Any, just my opinion, and my experience.

I've spent most of the past 15 years doing a variety of technical support. I know what it is like on the other end of the line, and know that it isn't an easy thing to do every day. However, when I told someone that I was going to do something (call them back, ship something, etc.) then I am going to do it. I guess it comes down to integrity.

==============================

Hauppauge is up and running. My 2nd movie is finishing now. This will be handy no matter whose service I have in the future.


----------



## Davenlr (Sep 16, 2006)

wyy183 said:


> Ground wire runs out of box and is connected to a ground that it shares with an electrical panel there.
> 
> Dish, and all connectors are grounded to a copper water pipe.
> 
> They have removed ground, for a while. Redone ground, and wires on a separate trip weeks later.

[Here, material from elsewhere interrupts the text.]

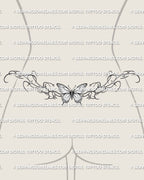 Butterfly lower back tattoo stencil displayed on female lower back example, with wide wings and soft decorative framing.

You are on the right track. Your DISH system MUST be grounded to the same ground rod as the Electric and Internet, or you are going to create a ground loop. They need to run a ground from the dish to the electric service ground (which I believe is what their installation instructions call for, but I dont have a copy to look at). Anything in your home entertainment system that is interconnected (via video, audio, HDMI, etc) should share the same ground as the electric service. In addition, make sure ALL your home entertainment equipment, power supplies, Dish LNB powered multiswitches, etc, are plugged into the SAME BRANCH circuit if you have a 220V house feed. All on L1, or all on L2, but not half on 1, half on 2. Voltage variations between L1 and L2 can cause issues rarely, but you are hunting a ghost here.


----------



## runner861 (Mar 20, 2010)

I know it is a big task, but I would recommend opening up the walls and looking at conditions inside where the wiring is running. You might be surprised at what you find. Also open up your breaker box and see what things look like where the switches are seated. However, unless you are a licensed contractor and electrician, I strongly recommend that you hire someone to do this in your presence. I don't want to see anyone injured. Electricity is dangerous.


----------



## DoyleS (Oct 21, 2002)

I am expecting someone to suggest you call Ghostbusters here shortly. 
It sounds like you have pretty well eliminated the Coax as a problem especially since you have had some of it replaced. 
Electrical power problems can be a bit tricky. The first one I would check would be to get one of those simple 3 prong plug checkers that makes sure that your outlets are properly wired. It will show a missing ground or reversed Hot and Neutral lines. If there was a contractor problem in terms of flaky wiring this might show it. To check the actual outlet, you would need a voltmeter to plug into one set of the Duplex outlets and a Hair Dryer for the other side. Turn the hair dryer on and see if the voltage at the outlet drops by more than a volt or 2. If it doesn't drop then you know that you have solid connections to the panel and street for that path. Any resistive connections would cause the voltage to drop more than that. As stated by others the probability of that many consecutive bad units is near impossible. Kind of like the chances of winning the lottery. That then implies that something in your system is causing these units to fail. I don't buy the chemical or bad sheetrock argument as that would take some time to cause the level of corrosion that would cause a failure. The more likely item is some sort of transient on one of the lines coming into the receiver. Power, Coax, Internet or the output lines going to a TV, flat panel etc. You can disconnect the Internet and the system will still run. Checking the output would require connecting to a different output device. I would think that transients on your power lines would have also damaged other equipment. 
At this point it looks like you are headed for a change of service. Do keep us informed of the way things work out as this has been an interesting situation.


----------



## wyy183 (Sep 20, 2012)

Davenlr said:


> You are on the right track. Your DISH system MUST be grounded to the same ground rod as the Electric and Internet, or you are going to create a ground loop. They need to run a ground from the dish to the electric service ground (which I believe is what their installation instructions call for, but I dont have a copy to look at). Anything in your home entertainment system that is interconnected (via video, audio, HDMI, etc) should share the same ground as the electric service. In addition, make sure ALL your home entertainment equipment, power supplies, Dish LNB powered multiswitches, etc, are plugged into the SAME BRANCH circuit if you have a 220V house feed. All on L1, or all on L2, but not half on 1, half on 2. Voltage variations between L1 and L2 can cause issues rarely, but you are hunting a ghost here.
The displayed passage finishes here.